Ok dumb hypothetical. Core2quad was the best. But all of those shipped with spinning drives back in ~2009. Then they got a breath of new life with SATA3 SSDs. They don't support NVME SSDs but what if they did? How much more performance can be eeked out of a top end C2Q if it supported say a Gen4 NVME?

First, do you have an application where the SATA -> NVMe upgrade is a non-trivial performance gain on a current PCs?

orcane
Jun 13, 2012

Fun Shoe
Even if you could boot from the NVMe, aren't the chipsets limited to PCI-e 2.0?

makere
Jan 14, 2012
I used one of high end C2Q on my server until couple years ago with a Sata SSD, it's not great anymore and kinda lags behind on basic tasks. I guess with NVMe your best bet would be to have a storage controller that can handle all 16 lanes of PCIE and distribute the 4x speeds of newer M2 drive to utilize entire bus.

necrobobsledder
Mar 21, 2005
Lay down your soul to the gods rock 'n roll
Nap Ghost

Klyith posted:

First, do you have an application where the SATA -> NVMe upgrade is a non-trivial performance gain on a current PCs?
The latency difference is pretty huge when it comes to ZFS allocation classes for small writes it appears. I have a pile of SATA SSDs from work and now I'm kind of bummed they're not as useful as I would have hoped. Seems like the best bet really is going to be QD1 random IOPS performance from ye olde Intel Optane drives here. Might do some benchmarks to do proper comparisons for the workloads I have but for virtualization cases it was kind of staggering how important random IOPS are once you reach the 128 GB RAM point in ZFS systems.

Shaocaholica
Oct 29, 2002

Fig. 5E

orcane posted:

Even if you could boot from the NVMe, aren't the chipsets limited to PCI-e 2.0?

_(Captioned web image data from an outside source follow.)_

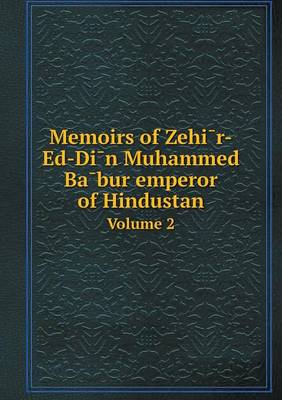 Book cover for Memoirs of Zehi&#772;r-Ed-Di&#772;n Muhammed Ba&#772;bur emperor of Hindustan Volume 2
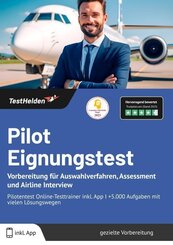 Pilot Eignungstest 2025 bestehen: Vorbereitung f&uuml;r Auswahlverfahren, Assessment und Airline Interview | Pilotentest Online-Testtrainer inkl. App I +5.000 Aufgaben mit vielen L&ouml;sungswegen
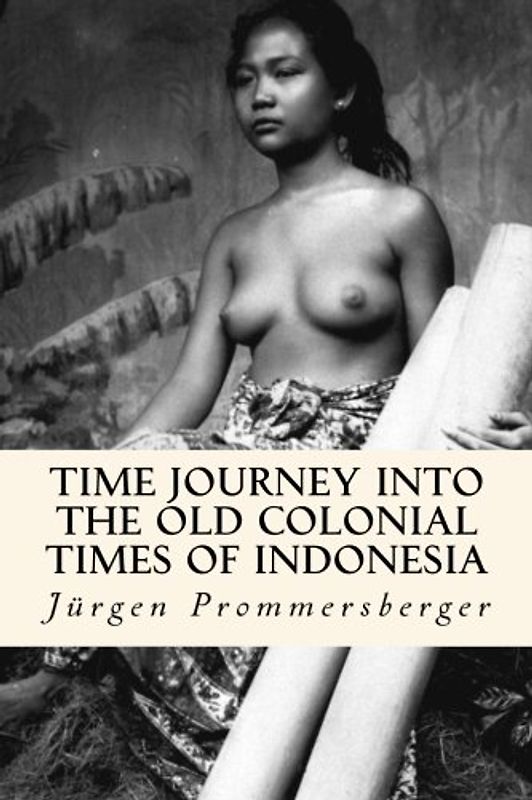 Time Journey into the old Colonial Times of Indonesia: Top-less women of Bali, Sumatra and Borneo in their daily work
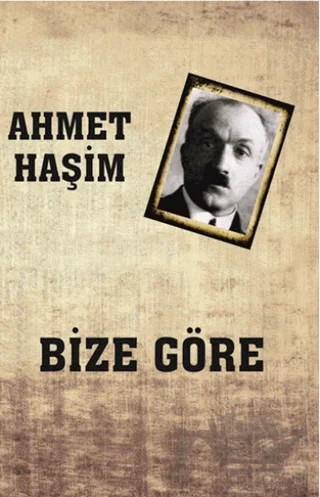 Bize Göre – Ahmet Hâşim – Serüven Yayınevi kitap kapağı
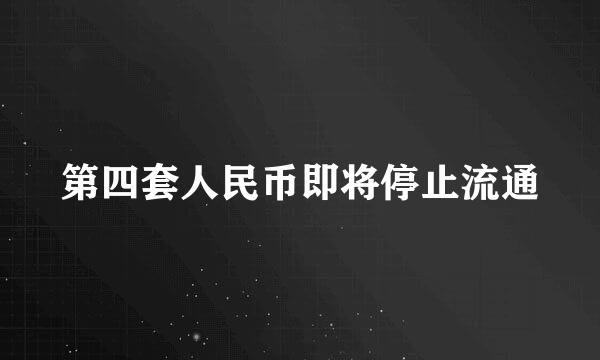 第四套人民币即将停止流通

It was just a hypothetical in which the chipset would support full gen4 speeds.

Perplx
Jun 26, 2004


Best viewed on Orgasma Plasma
Lipstick Apathy
You could get 4GB/s with a WD Black AN1500. You can also boot nvme on any chipset using a boot loader.

Shaocaholica
Oct 29, 2002

Fig. 5E

It's not Core2 but its the oldest machine I have with a free PCIe slot right now.

Anime Schoolgirl
Nov 28, 2002

Klyith posted:

Also every time anyone has ever tested it, SSDs have long out-lived their spec endurance.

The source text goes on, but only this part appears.